Also http://www.thebox.myzen.co.uk/Tutorial/Protection.html

Failing that, please post your code (you can attach code). Just posting small snippets doesn't really cut it.

Thank you everybody for your suggestions. We tried reducing the chances of interference by getting rid of some cables coming out of the board. It has reduced the occurance of atmega freeze but hasnt eliminated the problem.

It has now become very difficult to test effect of any changes as some boards have run fine for more than a week before freezing.

[quote author=Nick Gammon link=msg=2283596 date=1434751317]
Failing that, please post your code (you can attach code). Just posting small snippets doesn’t really cut it.[/quote]
As I mentioned earlier, even a minimalist code hanged once.

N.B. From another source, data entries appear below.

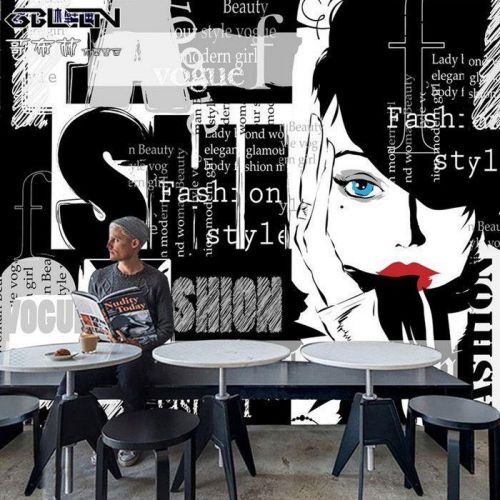 Poster mural géant AIBOO nostalgie rétro - papier peint en soie Ref 2459352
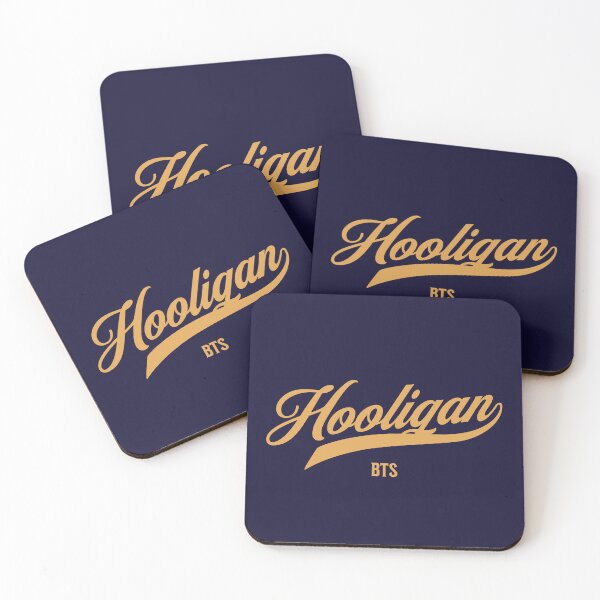 Item preview, BTS hooligan varsity designed and sold by Morcawork.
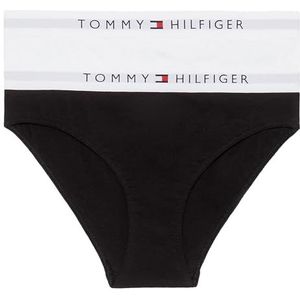 Tommy Hilfiger Knickers voor meisjes (Pack van 2), wit/zwart, 10-12 jaar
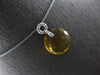 6.88CT DIAMOND & AAA CITRINE 14KT WHITE GOLD ROUND CIRCULAR FUN FLOATING PENDANT
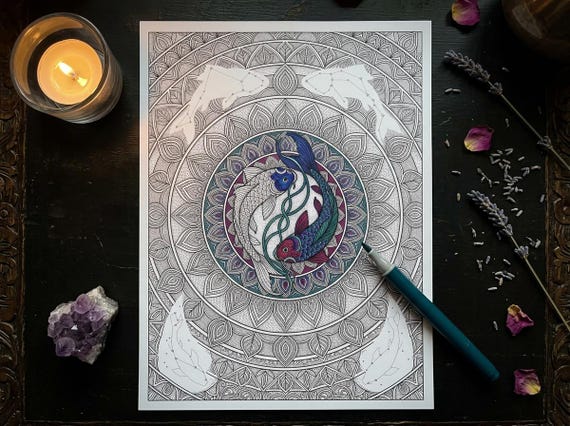 Zodiac Signs Mandala Coloring Book, Printable Astrology Coloring Pages, Complete 12 Sign Set PDF, Premium Digital Download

I am attaching that one.

We have concluded that putting up an external watchdog is the only way out now. Planning to use this chip from TI.

Meanwhile I found at least one other similar experience; that too with a a probable insight into the cause of the issue.

However I believe the problem of Atmega328 freezing (due to h/w issue) can be faced by anyone in the future and we must find out why it happens and how to prevent it.

led_blink_test.ino (2.85 KB)

anandteke, I have same type of problem. My circuit is very simple. Code is running very well but when my hand near to oscillator / mcu then mcu is hanging. Some time after reset it by main power on off hanging is going.

I can not understand why hanging is not over after reset it by main power on off.

Any one have any idea.